Exercise objective = The answer must consist only of the lines in the records below from the line with "Cluster amaryllis Cluster" to the line with "el sonido articulado)", both included, copied word for word with every picture left out.

(Captioned web images)
-- Opening Marker --

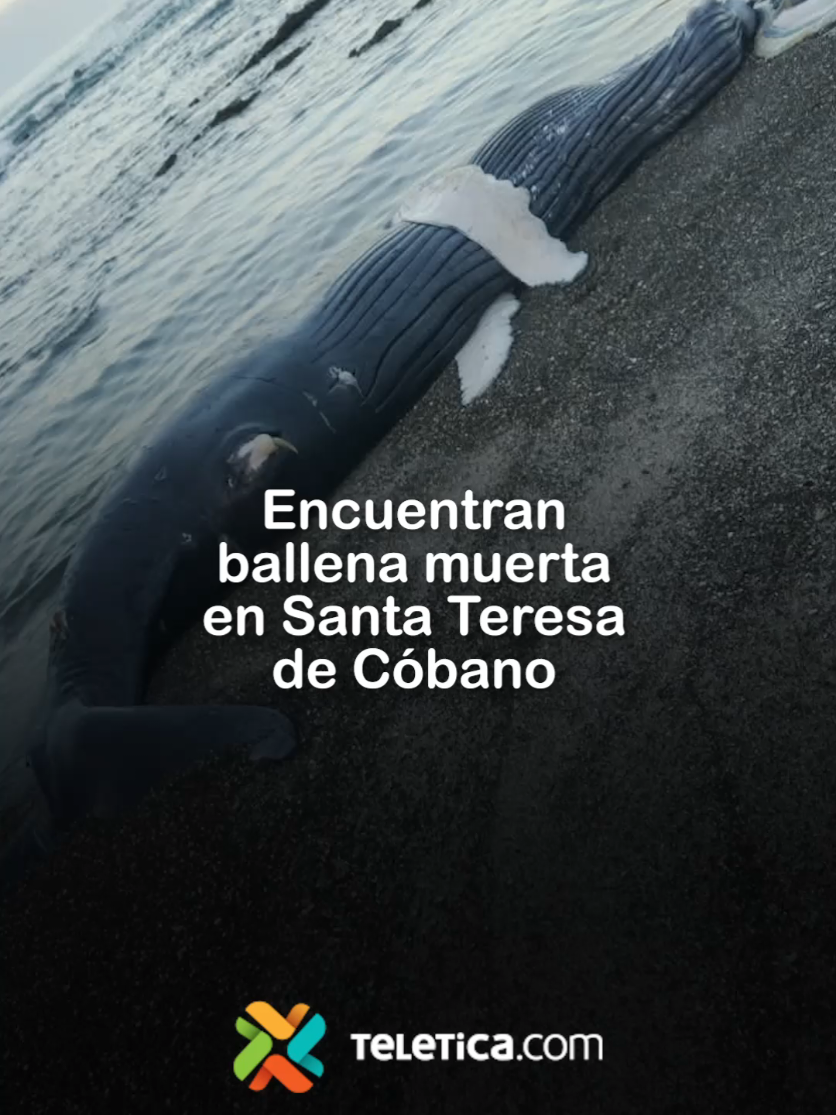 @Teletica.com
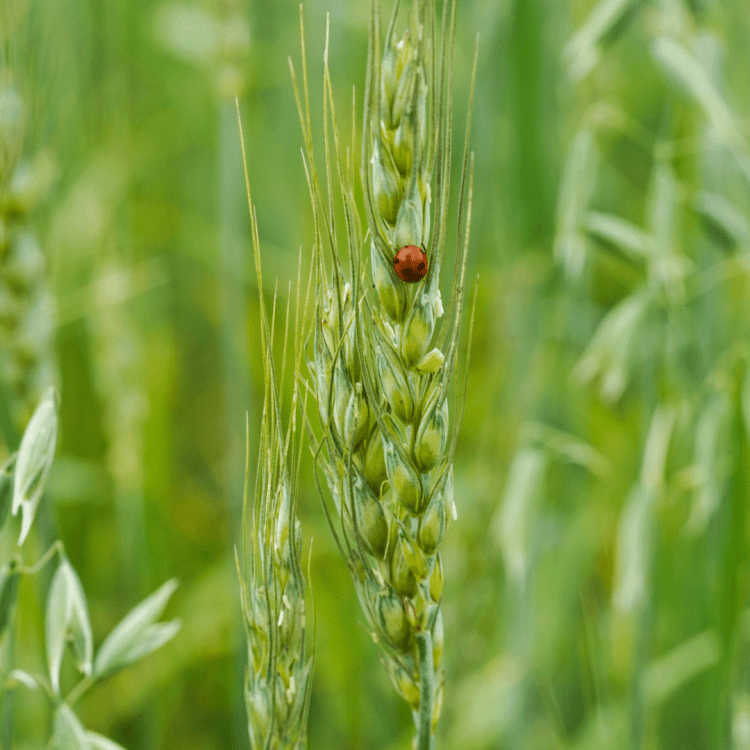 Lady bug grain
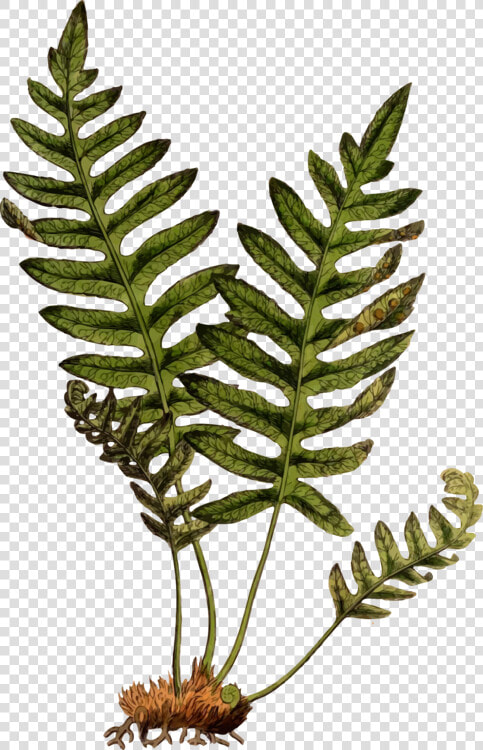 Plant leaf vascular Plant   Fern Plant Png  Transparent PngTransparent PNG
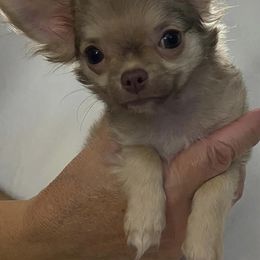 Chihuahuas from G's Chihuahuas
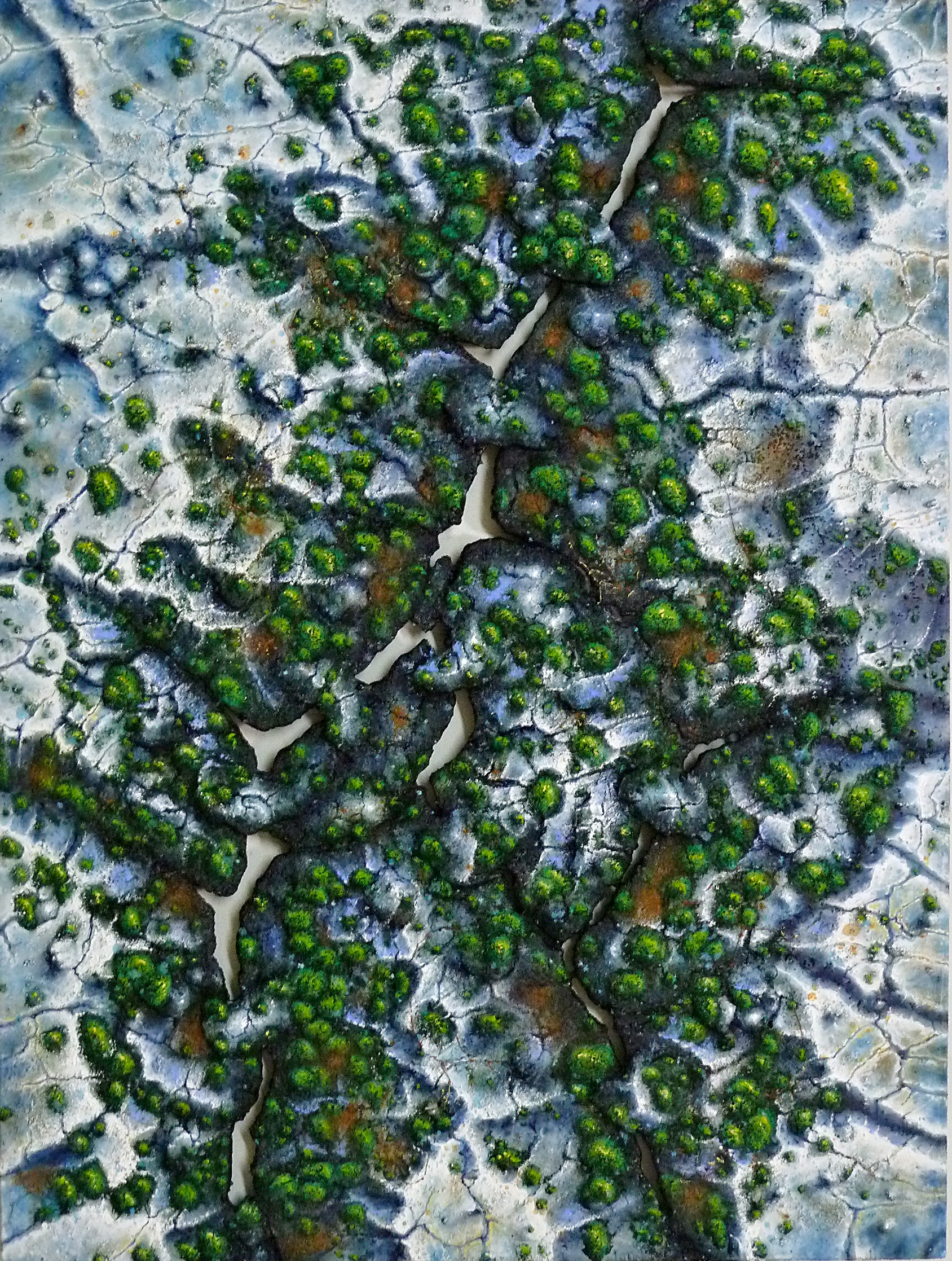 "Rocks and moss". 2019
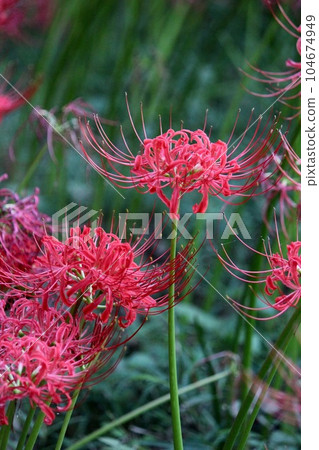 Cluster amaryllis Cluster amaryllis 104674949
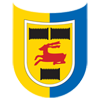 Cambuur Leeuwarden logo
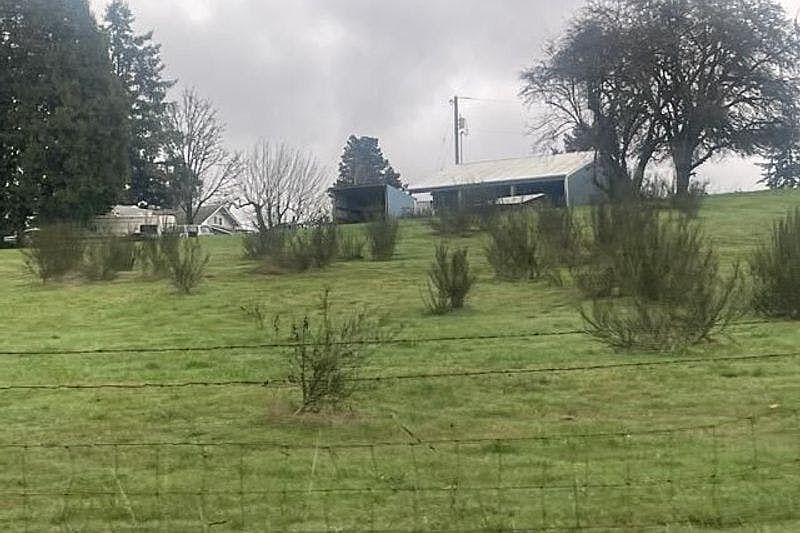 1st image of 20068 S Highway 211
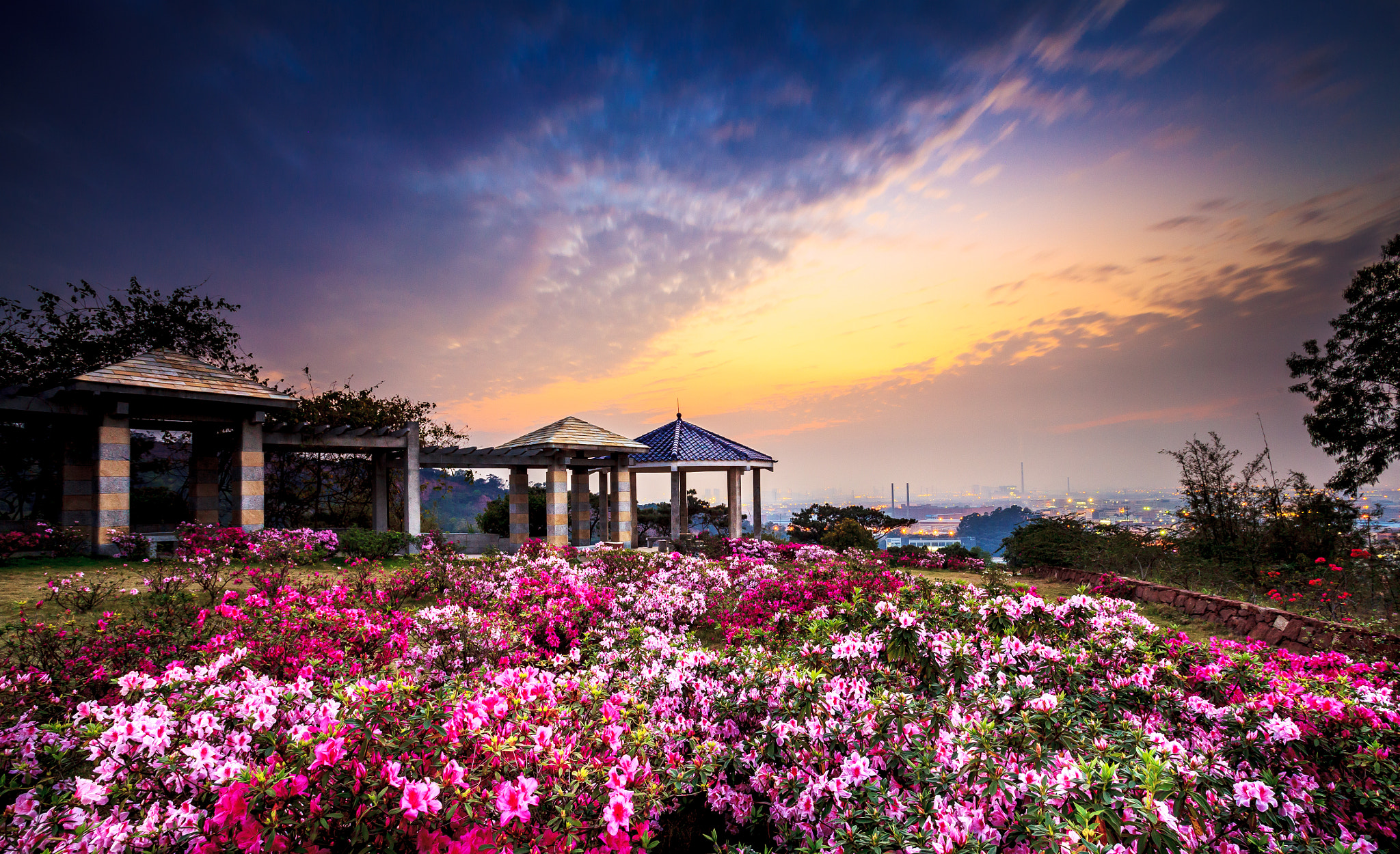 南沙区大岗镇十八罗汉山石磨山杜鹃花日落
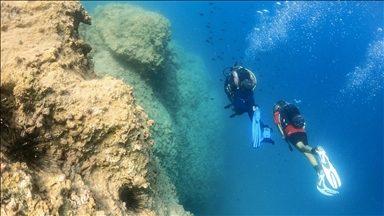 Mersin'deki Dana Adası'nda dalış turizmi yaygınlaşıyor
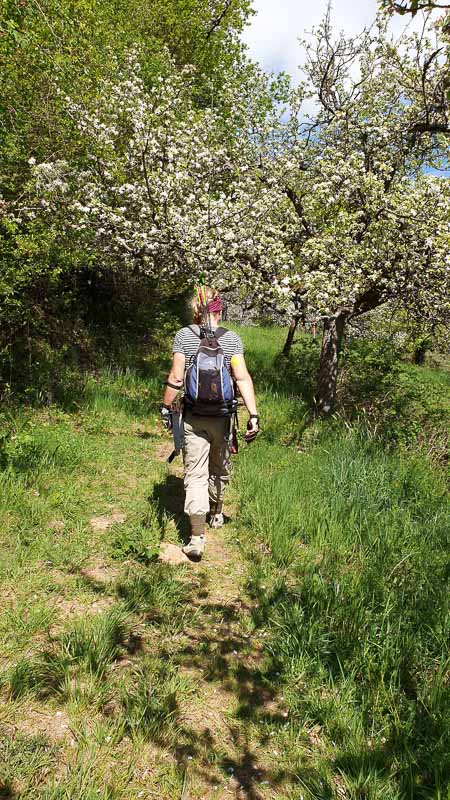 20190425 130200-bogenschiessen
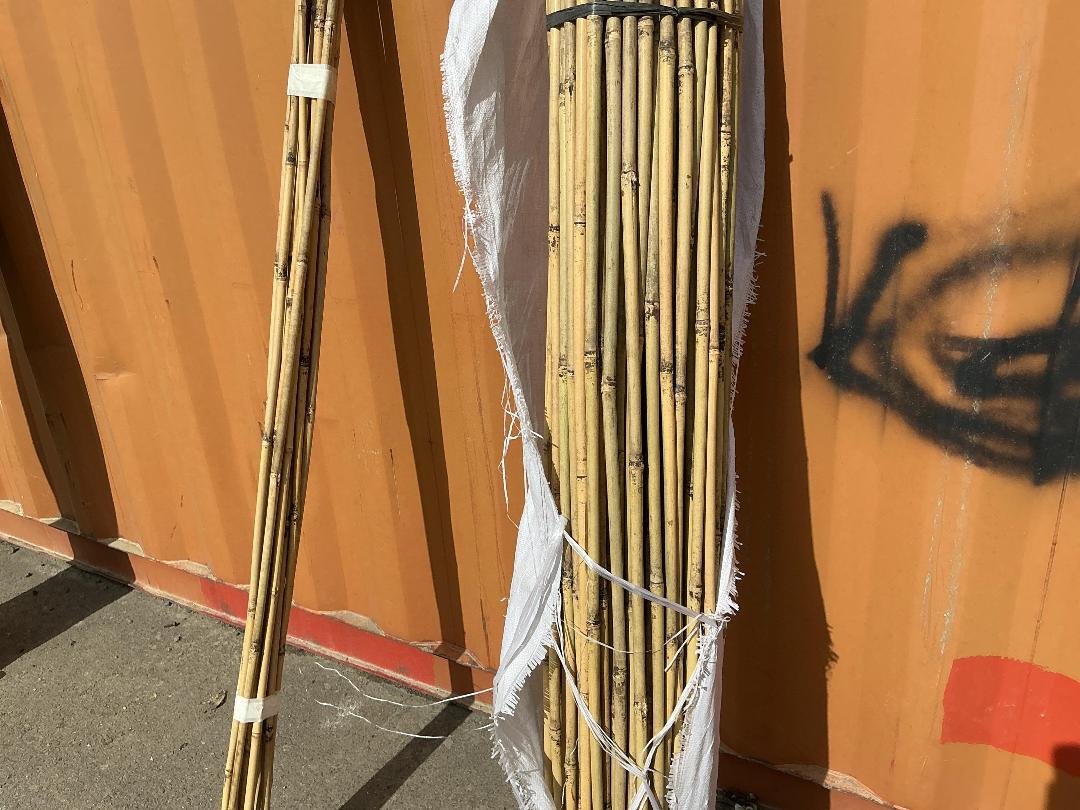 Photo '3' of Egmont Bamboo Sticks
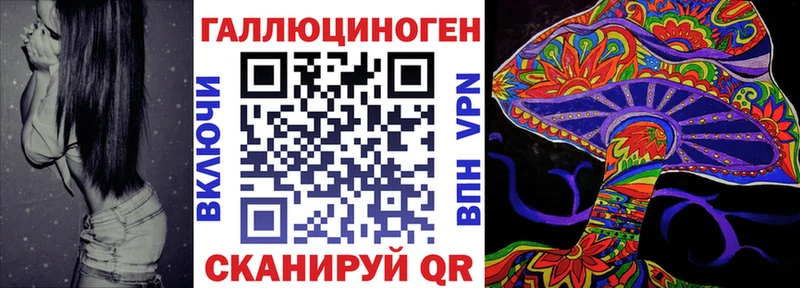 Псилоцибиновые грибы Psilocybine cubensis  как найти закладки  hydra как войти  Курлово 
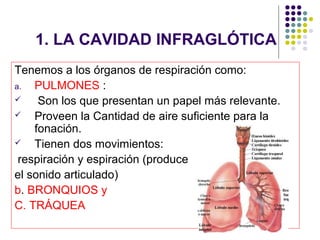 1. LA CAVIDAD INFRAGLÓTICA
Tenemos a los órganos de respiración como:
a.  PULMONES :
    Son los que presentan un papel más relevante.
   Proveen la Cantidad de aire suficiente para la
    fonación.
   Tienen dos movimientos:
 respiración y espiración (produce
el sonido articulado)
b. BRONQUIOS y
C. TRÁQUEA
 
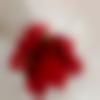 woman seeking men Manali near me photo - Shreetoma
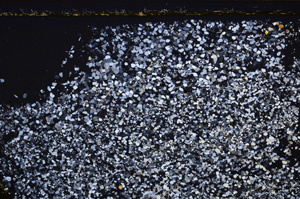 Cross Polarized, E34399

-- Closing Marker --

Task result =
 Cluster amaryllis Cluster amaryllis 104674949
 Cambuur Leeuwarden logo
 1st image of 20068 S Highway 211
 南沙区大岗镇十八罗汉山石磨山杜鹃花日落
 Mersin'deki Dana Adası'nda dalış turizmi yaygınlaşıyor
 20190425 130200-bogenschiessen
 Photo '3' of Egmont Bamboo Sticks
 Псилоцибиновые грибы Psilocybine cubensis  как найти закладки  hydra как войти  Курлово 
 1. LA CAVIDAD INFRAGLÓTICA
Tenemos a los órganos de respiración como:
a.  PULMONES :
    Son los que presentan un papel más relevante.
   Proveen la Cantidad de aire suficiente para la
    fonación.
   Tienen dos movimientos:
 respiración y espiración (produce
el sonido articulado)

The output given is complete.